R package for documenting and profiling research datasets. Gooder data means gooder research.
See Vignette for manual and wrapper function workflow.
Workflow
The datagoodr general work flow is listed below. See working-example/README.md for instructions on how to execute this workflow in the current set up.
Step 0: Save data file in data-dev/ directory.
Currently data-dev/DEMO-DATA-SMALL.csv is a good example.
Step 1: Create the DGF
This step inputs a data file from Step 0 then outputs the DGF as an excel and csv file. These files can then be manually (or iteratively) updated until they have all the information you want.
The goal of the DGF is to store the “minimum” amount of information to render the research guide without needed to read the raw data into the quarto document in step 3. Once the DGF is generated, the raw data is no longer needed to generate the RG.
Data inside each cell of the DGF is generally stored in JSON format.
Step 2: Validate the DGF
This step would include many of the DGF validation steps in the R/02*.R files. This is not currently operational. The goal of this step is to validate each column to make sure it is in a format that step 3 can process correctly.
Step 3: Render the RG
This step inputs the DGF you made in step 1 (and validated in step 2) then makes the research guide in PDF and HTML file types.
If you are only generating documentation for this data set one time, you can stop here. Step 4 and 5 are for when you need to regularly update the data, and thus regularly update the associated RG.
Step 4: Refresh the DGF
When the data set is updated, this step is meant to compare the old data set to the new one. If anything changed, the DGF should also updated. This updating is designed to be done through the rg_hash column of the DGF. The hashing allows us to check if a variable needs to up updated in the DGF without actually verifying each individual entry.

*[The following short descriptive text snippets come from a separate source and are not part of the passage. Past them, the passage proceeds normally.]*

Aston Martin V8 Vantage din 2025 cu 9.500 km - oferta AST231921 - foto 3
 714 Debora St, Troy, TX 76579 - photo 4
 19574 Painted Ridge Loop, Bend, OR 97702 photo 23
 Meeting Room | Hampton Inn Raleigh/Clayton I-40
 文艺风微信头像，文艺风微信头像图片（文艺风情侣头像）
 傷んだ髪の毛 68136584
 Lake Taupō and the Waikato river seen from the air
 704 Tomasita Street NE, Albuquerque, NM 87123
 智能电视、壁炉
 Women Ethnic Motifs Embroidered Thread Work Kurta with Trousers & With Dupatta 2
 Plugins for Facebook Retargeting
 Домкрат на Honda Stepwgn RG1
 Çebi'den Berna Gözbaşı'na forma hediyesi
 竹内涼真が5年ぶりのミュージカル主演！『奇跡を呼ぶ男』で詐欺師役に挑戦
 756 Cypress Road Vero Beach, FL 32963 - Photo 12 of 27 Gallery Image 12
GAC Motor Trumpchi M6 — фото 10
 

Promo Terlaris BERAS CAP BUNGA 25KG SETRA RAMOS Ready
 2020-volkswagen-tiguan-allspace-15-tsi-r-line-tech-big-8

In the new data set for each variable, generate the hash value. If the new hash value matches the one in the rg_hash column of the old DGF, no need to update that variable, great! If the new hash value does not match the one in the rg_hash column of the old DGF, then that variable’s rg_[preview/properties/stats/graphics/hash] need to be updated.
Current file structure;
data/ contains all .rda data files used in datagoodr R package.
-
data-dev/ contains all the data for testing purposes
- DEMO-DATA-SMALL.CSV is the small data set used for testing
- DGF-CORE-CO-2019-V1.xlsx is a template of what the DGF should looks like that was created by hand to serve as an example.
- DGF-CORE-CO-2019-blank.xlsx is used in the datagoodr pipeline for examples of adding meta data to each variable.
- DGF.csv and DGF.xlsx are examples of generated DGF from Step 01 (see below)
-
dev/ contains some documentation of the work flow and tasks that still need to be done
- 03-work-flow.md describes the workflow for Step 3 (see below)
- data-type-funcs.md describes the functions and their locations for each data type in Steps 1 and 3 below
- TO-DO.md is a list of things that still need to be addressed
docs/ is all files for pkgdown website
DRAFT/ is all the draft scripts
-
inst/
- CITATION is citation file
- qmd-templates/RG.qmd is the RG Quarto document template used in the
datagoodr
wrapper funciton.
man/ all man files for R package.
pptx/ are various powerpoints describing the overall goals of the datagoodr package
-
qmd-templates/ contains quarto documents templates for the final research guide
- qmd-templates-DRAFT/ contains all the draft files
- test-render/ contains testing scripts
- RG_files contains meta data that is updated with RG.md is rendered
- RG.qmd is the script to generate the research guide from Step 3 below
- RG.html, .html.md, .md, .pdf are the rendered RG
-
R/ contains all the R scripts used in the datagoodr pipeline
- 00*.R scripts are for data files, utils funcitons, and wrapper function.
- 01*.R scripts are scripts used for Step 1
- 02*.R scripts are scripts used for Step 2
- 03*.R scripts are scripts used for Step 3
- 04*.R scripts are scripts used for Step 4
- 05*.R scripts are scripts used for Step 5
vignettes/ includes code on how to use datagoodr workflow manually and with
datagoodr
wrapper function.working-example/ contains scripts and instructions for a working example of the datagoodr functions.